▶ _YOUR INSTRUCTIONS_:
Would you repeat the entries beneath, with nothing changed?

[Data records]
::::::::::
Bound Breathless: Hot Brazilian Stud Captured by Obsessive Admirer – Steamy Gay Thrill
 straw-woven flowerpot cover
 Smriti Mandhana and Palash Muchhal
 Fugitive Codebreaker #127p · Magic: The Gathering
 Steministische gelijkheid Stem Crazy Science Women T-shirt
::::::::::
▶ _RESPONSE BOX_:
Bound Breathless: Hot Brazilian Stud Captured by Obsessive Admirer – Steamy Gay Thrill
 straw-woven flowerpot cover
 Smriti Mandhana and Palash Muchhal
 Fugitive Codebreaker #127p · Magic: The Gathering
 Steministische gelijkheid Stem Crazy Science Women T-shirt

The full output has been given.